My son Woody turned six in November of 2011. That would have been the kindergarten year for most kids, 180 days that mark the beginning of the school career. But Woody did his learning in the big, wide, beautiful world, without school being a part of it.

I'm Teresa Honey, and I kept this blog to document this time in my son's life, to share pictures and stories with far-away friends and relatives, and to add ours to the many stories of families living rich, engaging, loving lives with learning happening all the time and in many forms, totally inseparable from every other part of being human.

Here you'll find 180 or so learning moments recorded from August, 2011 to April, 2012 in the life of a 5-turned-6-year-old radically unschooled kid.

Thursday, November 10, 2011

49

Today began with the boys and I playing "horse farm." This was a new one. Woody was taking care of the horses and I was taking care of the chickens and sheep. (In other words, he had the toy horses set up in the bedroom as a stable and  I was  "out on the hills shepherding," in the kitchen making omelets for breakfast.)

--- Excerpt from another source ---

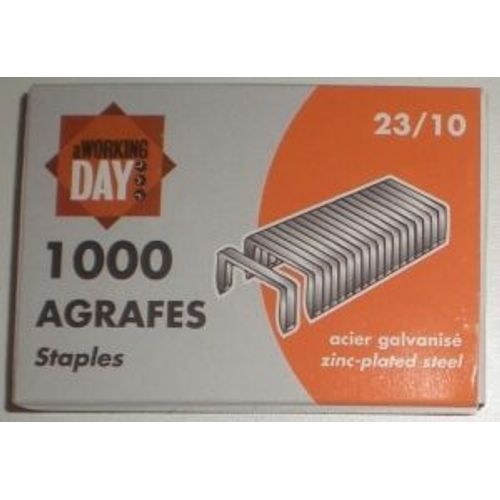 Paquet De 1000 Agrafes 23/10 - 115111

I know this scenario has a little bit of a creepy Godfather-esque quality to it. Those are hobby horses whose sticks are down behind the bed.

He came to talk to me in the kitchen and saw the money jar (the same on we recently took to the bank to exchange for bills) and decided that he had just made a horse sale and needed to count his money. Back to the stable, he made the top bunk his office and poured out the coins. Only he didn't count them. Instead, he started looking at the years. He read them out to me the way we read years: 1985 (19-85), 1971 (19-71), 2006 (Two thousand six). I told him things I knew or remembered about each year: the year I moved to Orlando as a kid, the year my sister Amy Leigh was born, the year he turned one. He told me that Washington was on the 1985. I told him it was a quarter, worth 25 cents. He told me--a little huffily--that he already knew that. But then, by way of a reconnection, I think, he offered me half the coins so we could read the years out to each other.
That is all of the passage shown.